Encyclopedia of Trotskyism On-Line: Revolutionary History, Vol. 8 No. 2
The last edition of Revolutionary History (Volume 8, no. 1, The Comintern and its Critics) contains an article by Ante Ciliga, How Tito Took Over the Yugoslav Communist Party, from 1961. At the beginning of the article, Ciliga states that in 1935 he heard that ‘Josip Broz Tito’s wife, Pelegea Denisova Belousova had been arrested and subsequently died in prison’. This is also asserted in several other parts of the article. The footnotes give no dates for Belousova’s birth or death.
Paolo Casciola’s contemporary introduction does not take up this issue, and neither does the editorial introduction. It does however, make reference to Jasper Ridley’s 1994 biography Tito. Yet any brief examination of this work tells a rather different story.
Ridley states on page 143 that the date of the arrest of Pelegea Belousova (Polka Broz) was 1938 and her period of incarceration as 27 months. At this time, Polka was not Tito’s wife, as stated by Ciliga, but his ex-wife. (His new wife Lucia Bauer was also arrested.) Pages 343–4 of Ridley’s work state that she refused to act as a Soviet agent for Stalin, and that Tito’s son by Polka Broz, Žarko, visited her in the Soviet Union in 1965, where she had lived unmolested after Stalin’s death. She died in 1967 without ever revisiting Yugoslavia. Ridley’s source was Žarko Broz, and it’s difficult to see what his motive would be for inventing this information.
Of course, Tito could be accused of having saved his own skin by not protesting against his close relatives’ arrest, but Ciliga’s intention seems to be to portray him in the worst possible light. Given Ciliga’s evolution to the right in the postwar period and the undoubted inconsistencies of his account, printing this article uncritically seems irresponsible.
Paolo Casciola adds:
I got a copy of your message dated 12 August from Ted Crawford of Revolutionary History. In the concluding paragraph you say that ‘printing this article uncritically seems irresponsible’.
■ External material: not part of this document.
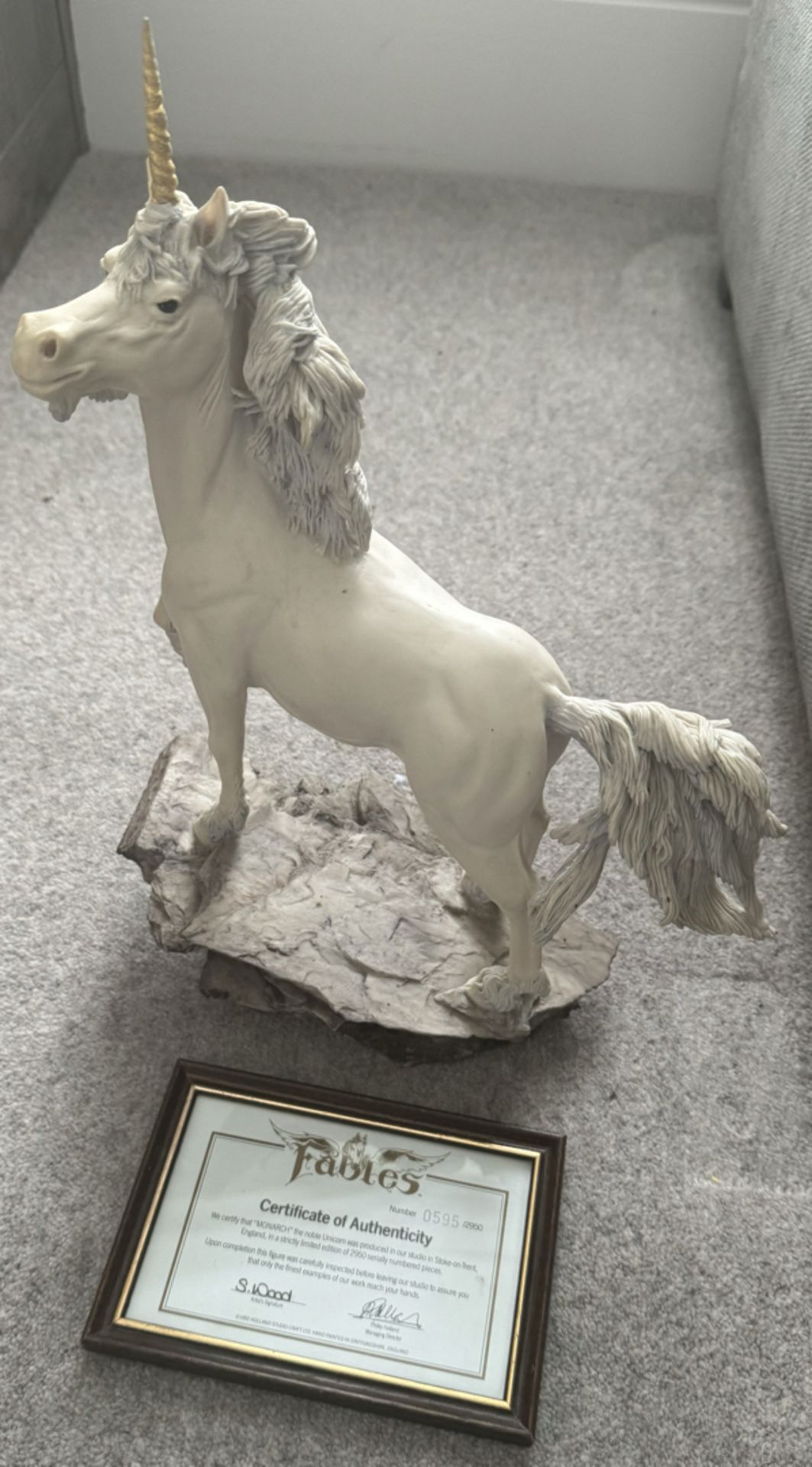 Royal Doulton Fables Unicorn Monarch - Rare Ltd Edition Sculpture with Framed COA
Ciliga’s article How Tito Took Over the Yugoslav Communist Party originally appeared in the Italian magazine Corrispondenza Socialista (Volume 2, no. 7, July 1961, pp. 393–9), preceded by a short editorial note about Ciliga’s political biography which was not included in the English translation in Revolutionary History.
In June–July 1986, I drafted an introduction to that article where I focused mainly on the origins of Yugoslav Trotskyism, and I revised my introduction some three years later, in February 1989, when both pieces – my introduction and Ciliga’s article – eventually appeared as no. 12 of the Studi e ricerche series of the Quaderni del Centro Studi Pietro Tresso.
The sources available by that time were quite poor, and I listed only some of them at the end of my introduction, but that list, too, was omitted from the English translation.
At any rate, the book you quote as a reference source on the question of Pelegea Denisova-Belousova – Jasper Ridley’s biography of Tito – appeared five years later, that is, in 1994, after the collapse of the Stalinist regimes and the opening of many previously inaccessible archives.
In 1989, neither I nor you could have known anything about the true story of Pelegea Denisova-Belousova – a story which was also unknown to Ante Ciliga, who died in 1992 and who in all probability did not know that by 1938 Pelegea Denisova-Belousova was no longer Tito’s wife and who sincerely thought that, having been arrested at the height of the Stalinist purges, she had subsequently been a victim of Stalinism, like thousands of other Communists.
Finally, I agree with you that the Revolutionary History staff could, and should, have drafted some explanatory notes to Ciliga’s article. For a long time I had given them permission to publish my introduction to it, but I was never asked for any kind of advice regarding the publication of either piece, which happened completely independently of me.